[Data records]
#####

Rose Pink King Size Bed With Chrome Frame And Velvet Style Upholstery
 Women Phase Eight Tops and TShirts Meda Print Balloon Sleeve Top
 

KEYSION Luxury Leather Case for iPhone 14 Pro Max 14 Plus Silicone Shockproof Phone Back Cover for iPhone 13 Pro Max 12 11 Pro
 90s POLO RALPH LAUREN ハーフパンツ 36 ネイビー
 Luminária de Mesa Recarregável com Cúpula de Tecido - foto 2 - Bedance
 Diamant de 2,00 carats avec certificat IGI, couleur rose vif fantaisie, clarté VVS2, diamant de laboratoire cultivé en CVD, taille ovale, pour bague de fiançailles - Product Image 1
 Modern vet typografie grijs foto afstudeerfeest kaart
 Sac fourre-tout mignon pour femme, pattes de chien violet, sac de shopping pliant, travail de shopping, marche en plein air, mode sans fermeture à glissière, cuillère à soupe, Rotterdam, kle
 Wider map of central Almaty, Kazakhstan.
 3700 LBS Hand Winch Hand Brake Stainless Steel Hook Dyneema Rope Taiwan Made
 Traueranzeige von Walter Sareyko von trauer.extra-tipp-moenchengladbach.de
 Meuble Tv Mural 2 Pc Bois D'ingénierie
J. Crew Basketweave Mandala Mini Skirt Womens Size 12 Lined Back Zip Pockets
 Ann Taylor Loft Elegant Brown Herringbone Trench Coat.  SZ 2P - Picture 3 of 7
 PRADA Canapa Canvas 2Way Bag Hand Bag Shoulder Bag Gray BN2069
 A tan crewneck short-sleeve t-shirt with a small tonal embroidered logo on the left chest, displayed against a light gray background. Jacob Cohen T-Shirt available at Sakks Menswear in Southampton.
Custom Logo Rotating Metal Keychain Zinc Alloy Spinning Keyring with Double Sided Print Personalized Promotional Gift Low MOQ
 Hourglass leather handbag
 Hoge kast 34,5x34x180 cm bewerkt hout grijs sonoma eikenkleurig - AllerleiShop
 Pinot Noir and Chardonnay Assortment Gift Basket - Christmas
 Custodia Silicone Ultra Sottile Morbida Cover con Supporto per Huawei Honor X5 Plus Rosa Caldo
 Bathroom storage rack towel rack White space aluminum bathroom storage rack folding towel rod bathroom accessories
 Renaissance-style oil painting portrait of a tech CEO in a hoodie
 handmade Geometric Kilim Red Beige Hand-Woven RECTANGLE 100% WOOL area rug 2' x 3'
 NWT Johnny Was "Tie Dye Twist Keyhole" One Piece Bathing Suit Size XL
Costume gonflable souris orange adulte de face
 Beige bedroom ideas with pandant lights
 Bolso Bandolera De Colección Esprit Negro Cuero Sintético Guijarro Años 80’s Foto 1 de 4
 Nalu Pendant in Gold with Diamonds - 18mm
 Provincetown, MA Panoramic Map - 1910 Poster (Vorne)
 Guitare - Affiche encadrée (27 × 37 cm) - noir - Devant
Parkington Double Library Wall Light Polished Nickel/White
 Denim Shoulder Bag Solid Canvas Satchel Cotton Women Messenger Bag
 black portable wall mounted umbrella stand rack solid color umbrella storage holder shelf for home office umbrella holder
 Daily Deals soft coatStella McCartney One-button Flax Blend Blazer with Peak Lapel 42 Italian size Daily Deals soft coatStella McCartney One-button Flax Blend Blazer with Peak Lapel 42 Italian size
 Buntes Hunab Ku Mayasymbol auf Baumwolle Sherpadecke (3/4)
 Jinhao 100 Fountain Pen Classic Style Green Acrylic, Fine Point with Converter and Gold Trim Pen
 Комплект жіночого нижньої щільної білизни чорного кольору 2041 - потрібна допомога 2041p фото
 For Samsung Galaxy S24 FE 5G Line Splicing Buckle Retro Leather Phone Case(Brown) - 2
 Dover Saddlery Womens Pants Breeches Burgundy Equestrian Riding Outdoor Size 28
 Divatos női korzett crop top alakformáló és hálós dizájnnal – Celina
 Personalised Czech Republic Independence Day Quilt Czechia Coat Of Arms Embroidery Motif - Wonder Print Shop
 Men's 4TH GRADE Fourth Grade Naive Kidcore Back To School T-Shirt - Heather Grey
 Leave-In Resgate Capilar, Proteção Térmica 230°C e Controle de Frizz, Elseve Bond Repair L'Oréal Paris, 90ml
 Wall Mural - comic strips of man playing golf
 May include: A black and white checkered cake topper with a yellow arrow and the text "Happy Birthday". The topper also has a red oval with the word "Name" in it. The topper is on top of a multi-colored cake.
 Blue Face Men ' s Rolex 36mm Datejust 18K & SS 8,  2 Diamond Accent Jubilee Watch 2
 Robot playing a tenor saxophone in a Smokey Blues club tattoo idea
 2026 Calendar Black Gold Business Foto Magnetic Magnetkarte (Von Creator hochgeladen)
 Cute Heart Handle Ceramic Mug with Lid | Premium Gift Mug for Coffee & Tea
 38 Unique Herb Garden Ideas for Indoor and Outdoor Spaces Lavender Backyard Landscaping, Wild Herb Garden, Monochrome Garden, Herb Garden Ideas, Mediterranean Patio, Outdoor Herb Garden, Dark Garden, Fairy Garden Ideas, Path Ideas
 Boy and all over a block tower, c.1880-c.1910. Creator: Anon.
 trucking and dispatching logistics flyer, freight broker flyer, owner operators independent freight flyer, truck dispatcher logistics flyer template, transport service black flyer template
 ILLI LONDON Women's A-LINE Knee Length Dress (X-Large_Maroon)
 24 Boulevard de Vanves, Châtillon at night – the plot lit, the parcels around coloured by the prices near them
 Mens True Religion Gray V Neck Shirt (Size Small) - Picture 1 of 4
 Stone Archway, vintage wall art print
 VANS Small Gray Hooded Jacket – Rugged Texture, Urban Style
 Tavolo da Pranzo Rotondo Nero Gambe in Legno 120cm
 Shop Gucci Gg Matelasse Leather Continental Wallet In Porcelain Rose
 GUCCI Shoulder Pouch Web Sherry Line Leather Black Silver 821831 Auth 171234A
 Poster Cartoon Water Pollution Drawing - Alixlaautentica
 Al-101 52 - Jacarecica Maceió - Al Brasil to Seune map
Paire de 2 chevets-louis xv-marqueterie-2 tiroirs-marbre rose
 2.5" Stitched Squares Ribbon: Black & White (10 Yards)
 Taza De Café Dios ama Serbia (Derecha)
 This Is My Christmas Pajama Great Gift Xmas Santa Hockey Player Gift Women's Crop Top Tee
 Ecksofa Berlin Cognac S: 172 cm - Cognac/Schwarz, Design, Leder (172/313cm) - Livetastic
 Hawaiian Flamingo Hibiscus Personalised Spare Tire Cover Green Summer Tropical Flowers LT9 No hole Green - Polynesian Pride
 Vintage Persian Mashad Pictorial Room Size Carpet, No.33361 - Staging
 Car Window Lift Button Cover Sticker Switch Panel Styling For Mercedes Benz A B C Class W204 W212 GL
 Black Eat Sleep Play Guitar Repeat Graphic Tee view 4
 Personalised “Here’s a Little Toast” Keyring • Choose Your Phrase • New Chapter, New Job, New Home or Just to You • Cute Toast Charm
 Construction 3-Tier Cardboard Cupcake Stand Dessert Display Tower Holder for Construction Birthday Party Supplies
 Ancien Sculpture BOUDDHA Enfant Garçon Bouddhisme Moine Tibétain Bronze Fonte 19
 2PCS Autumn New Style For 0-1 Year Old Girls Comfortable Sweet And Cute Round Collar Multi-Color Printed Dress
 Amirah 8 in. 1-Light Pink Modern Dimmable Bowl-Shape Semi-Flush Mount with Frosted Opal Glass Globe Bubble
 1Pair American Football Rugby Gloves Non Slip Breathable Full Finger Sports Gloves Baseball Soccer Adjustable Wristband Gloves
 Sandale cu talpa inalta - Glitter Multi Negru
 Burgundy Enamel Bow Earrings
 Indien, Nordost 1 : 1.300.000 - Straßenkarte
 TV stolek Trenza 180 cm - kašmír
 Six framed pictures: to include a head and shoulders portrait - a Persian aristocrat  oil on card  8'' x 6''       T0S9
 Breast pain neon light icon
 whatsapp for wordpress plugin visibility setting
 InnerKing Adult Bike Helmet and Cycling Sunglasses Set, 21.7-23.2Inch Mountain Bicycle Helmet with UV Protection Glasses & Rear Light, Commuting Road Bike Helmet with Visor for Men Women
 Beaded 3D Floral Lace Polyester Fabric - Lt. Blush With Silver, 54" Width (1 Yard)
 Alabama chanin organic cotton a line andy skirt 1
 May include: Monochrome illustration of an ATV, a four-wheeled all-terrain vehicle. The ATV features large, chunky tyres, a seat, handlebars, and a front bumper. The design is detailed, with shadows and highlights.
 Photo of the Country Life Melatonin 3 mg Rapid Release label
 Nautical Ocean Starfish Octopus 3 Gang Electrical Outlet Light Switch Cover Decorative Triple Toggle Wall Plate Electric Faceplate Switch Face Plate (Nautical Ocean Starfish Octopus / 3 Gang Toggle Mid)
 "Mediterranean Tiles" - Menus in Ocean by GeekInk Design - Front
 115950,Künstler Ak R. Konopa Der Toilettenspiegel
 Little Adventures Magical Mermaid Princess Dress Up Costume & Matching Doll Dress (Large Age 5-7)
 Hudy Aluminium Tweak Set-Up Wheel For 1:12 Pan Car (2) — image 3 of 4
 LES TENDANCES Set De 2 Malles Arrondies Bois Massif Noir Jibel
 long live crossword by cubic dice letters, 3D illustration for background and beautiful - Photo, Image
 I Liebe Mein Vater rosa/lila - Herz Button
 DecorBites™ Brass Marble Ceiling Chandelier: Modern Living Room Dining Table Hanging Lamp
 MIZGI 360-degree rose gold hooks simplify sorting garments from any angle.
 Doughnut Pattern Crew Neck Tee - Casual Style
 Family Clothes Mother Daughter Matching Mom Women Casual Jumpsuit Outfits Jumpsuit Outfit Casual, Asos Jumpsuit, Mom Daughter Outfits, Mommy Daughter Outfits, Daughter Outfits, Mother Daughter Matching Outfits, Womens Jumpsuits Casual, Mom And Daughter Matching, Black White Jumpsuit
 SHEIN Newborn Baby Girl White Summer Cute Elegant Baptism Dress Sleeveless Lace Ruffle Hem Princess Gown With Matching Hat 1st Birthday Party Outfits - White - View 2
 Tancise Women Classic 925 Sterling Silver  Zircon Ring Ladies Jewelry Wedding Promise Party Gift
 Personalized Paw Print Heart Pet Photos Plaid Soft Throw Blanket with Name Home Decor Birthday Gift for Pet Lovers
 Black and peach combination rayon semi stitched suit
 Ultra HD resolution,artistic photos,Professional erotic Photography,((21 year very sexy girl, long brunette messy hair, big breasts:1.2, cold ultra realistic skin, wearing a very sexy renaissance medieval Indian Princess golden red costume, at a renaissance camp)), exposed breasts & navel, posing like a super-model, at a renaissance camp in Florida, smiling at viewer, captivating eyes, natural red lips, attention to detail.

#####

→ ASSIGNED TASK
Among the entries above, how many lines hold the word "Canvas"? Reply with only that number.

→ WRITTEN REPLY
2